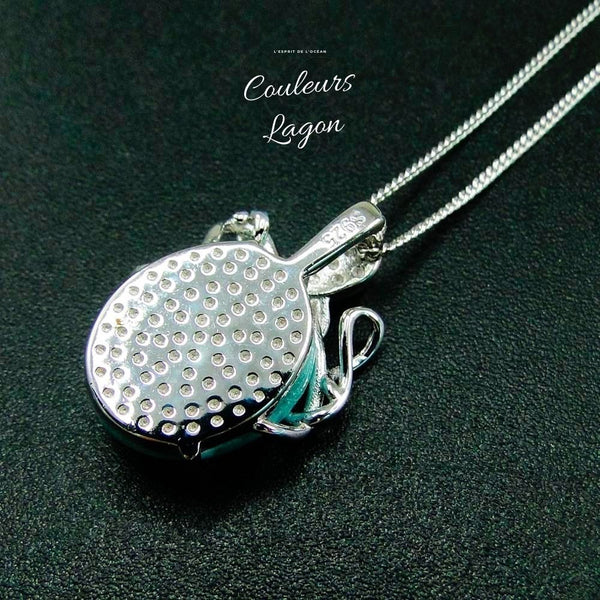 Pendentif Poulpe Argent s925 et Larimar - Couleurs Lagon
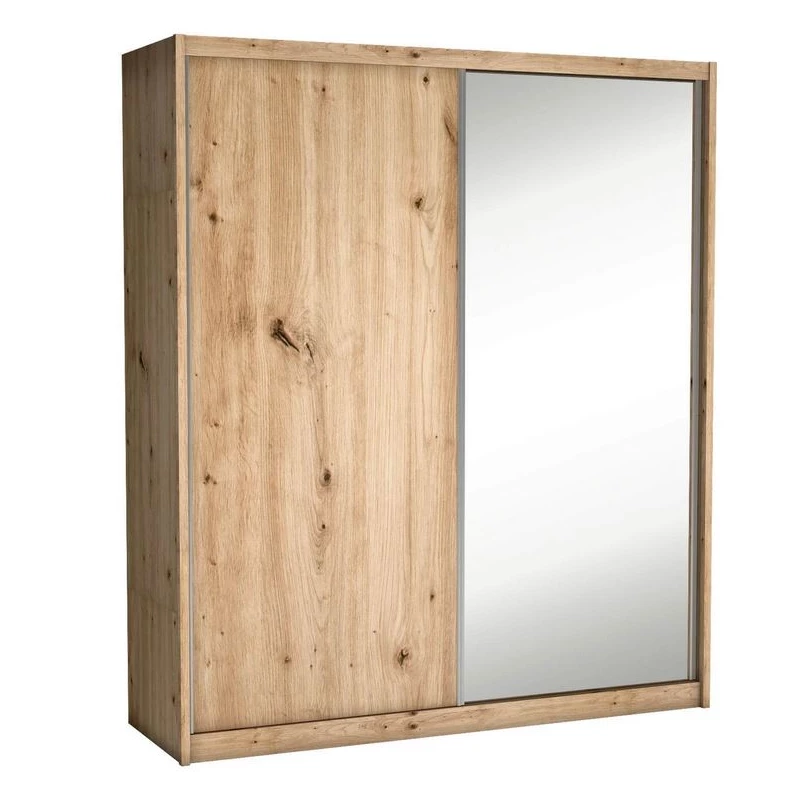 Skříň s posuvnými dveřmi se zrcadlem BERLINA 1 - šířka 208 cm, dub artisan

* * * * * * * * *

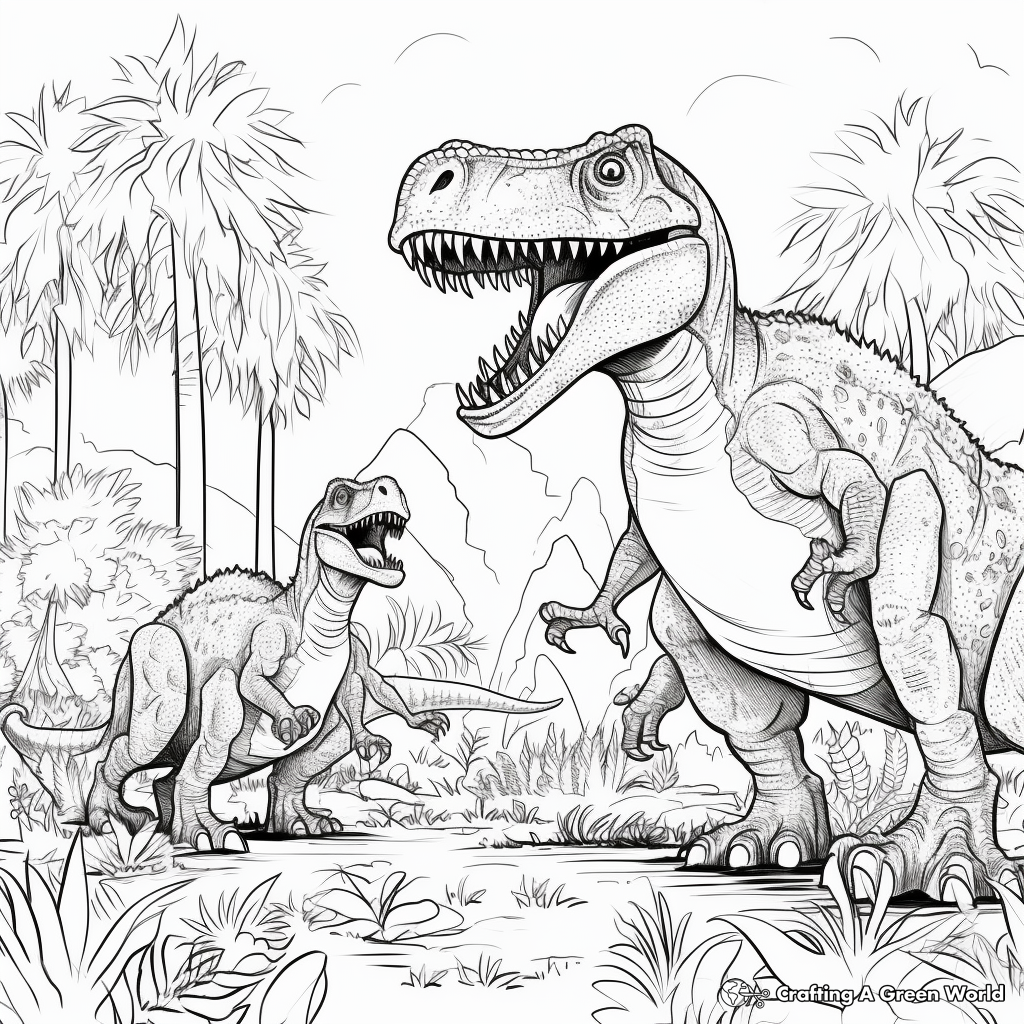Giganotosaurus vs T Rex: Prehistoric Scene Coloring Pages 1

* * * * * * * * *

- WHAT THE TASK REQUIRES -
Everything above from the line that has "Pendentif Poulpe Argent" down to the line that has "Skříň s posuvnými" should be output exactly, with both of those lines included. Leave the pictures behind.

- ANSWER SPACE -
 Pendentif Poulpe Argent s925 et Larimar - Couleurs Lagon
 Skříň s posuvnými dveřmi se zrcadlem BERLINA 1 - šířka 208 cm, dub artisan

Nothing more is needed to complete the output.